There are other more tangible benefits, as any chocolate lover will know. “Most people know they feel better when they eat chocolate!” says Shona. “In a standard sugary chocolate bar, this is likely to be at least partly down to the sugar content. But raw cacao in its pure form also contains specific substances that may boost mood. One of these compounds is phenylethylamine, or PEA for short. PEA is a natural substance that’s made in the brain. It’s associated with pleasure and good mood and is said to be made in higher amounts in the brain when we’re in love! Another substance that may affect mood is theobromine, which is a mild stimulant in the same family as caffeine, but with a gentler effect.” Add feel good minerals and the endorphins of any pleasurable eating experience to the mix and you can see why the ancient Aztecs held it in such high regard.
“Dark chocolate is higher in cocoa than milk chocolate so if you’re going to chose something that’s going to be a better choice,” says Cassandra. It’s a more convenient option than ever, with bars boasting 70 per cent and even 85 per cent cocoa solids increasingly available. “Dark chocolate also tends to be a bit lower in sugar, and the flavour is more intense so you may feel satisfied from smaller amounts. We still have to eat it in moderation but I think it’s important we don’t deprive ourselves entirely!
If you do enjoy chocolate let yourself have a bit of what you fancy every now and again because if we’re too restrictive then we eat more in the long run.”
“Alternatively, go for a raw chocolate bar (one made with raw cacao), for the extra health-boosting flavonols,” suggests Cassandra. “Raw chocolate can also be a better choice because makers end to use unrefined sugars such as coconut sugar.
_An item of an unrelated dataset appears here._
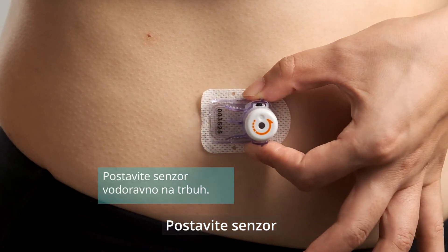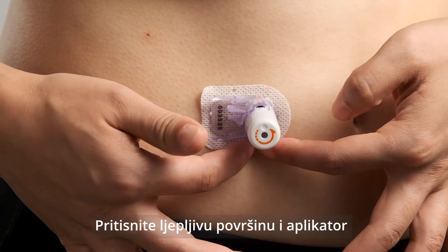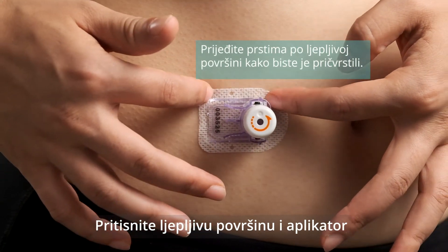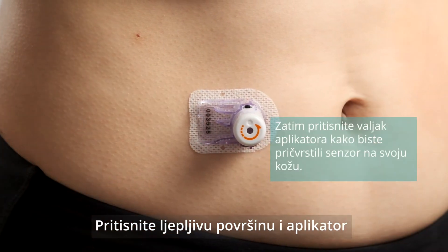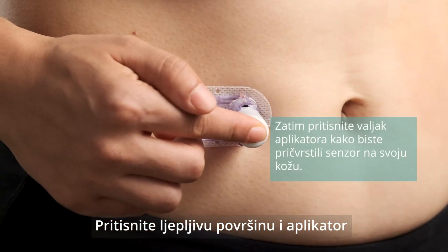Place the sensor horizontally on your abdomen. Move your fingers around the adhesive patch. Then press the insert cylinder to secure the sensor to your skin.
Coconut sugar has a lower glycaemic index than white sugar, so provides more slow-releasing energy. Even better, try raw cacao powder or cacao nibs, which are little nuggets of crunchy cacao. You can add them to homemade smoothies and brownies. The nibs are also fantastic in home-made muesli (with whole oats, nuts, seeds and dried fruit), or stirred into natural yoghurt.”